Delivery Recovery
This guide is for teams responsible for keeping a live integration healthy.
It explains how to reason about delivery state, dead letters, and replay without turning recovery into guesswork.
What this page is for
Use this page when you need to answer questions like:
- Is this an authentication problem or a delivery problem?
- Are deliveries stuck, retrying, or dead-lettered?
- Should I replay one item or recover a larger batch?
- Is delivery draining normally?
Start with diagnosis, not replay
The first step is always to inspect the app’s operational state.
That inspection should tell you whether the primary problem is:
- invalid app auth
- missing delegated authority
- delivery backlog
- dead-letter accumulation
When to replay a single delivery
Replay one delivery when:
- the underlying bug is fixed
- the failure was isolated
- you know exactly which delivery should be retried
This is the safest recovery path because it limits duplicate downstream work.
When to replay dead letters in batch
Replay a batch only when the failure was systemic, for example:
- the receiver was down
- signature validation was broken
- a parser bug affected many deliveries
Batch replay is a recovery tool, not a first diagnostic step.

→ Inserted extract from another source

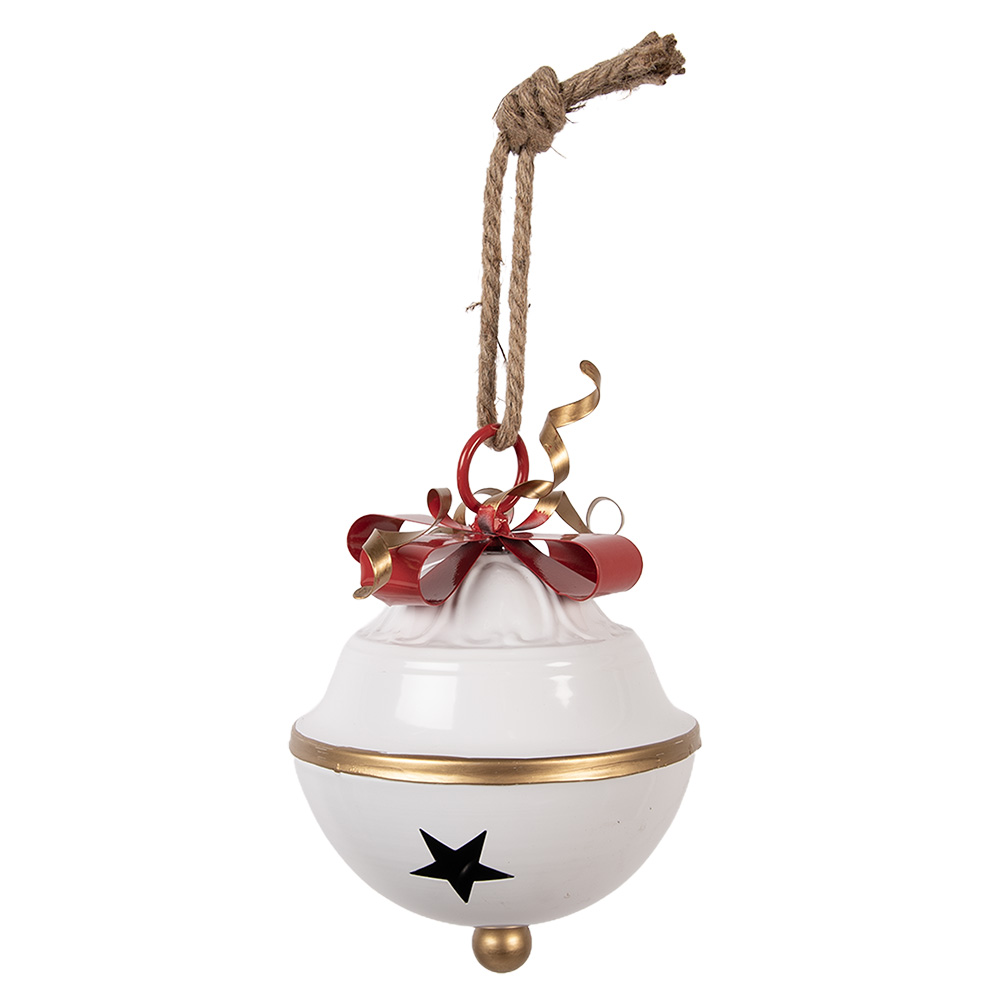 [6Y5923] Decoration Bell White Red Ø 16x22 cm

When to inspect delivery health
Delivery health matters when you see:
- growing retry counts
- a rising dead-letter count
- queued deliveries aging instead of draining
- inconsistent downstream state after valid writes
Those are delivery signals, not application-state signals.
Practical recovery order
- Inspect the operational snapshot.
- Decide whether the issue is auth, grants, or delivery.
- Fix the underlying cause.
- Replay one delivery if the failure was isolated.
- Replay dead letters in batch only when the failure was systemic.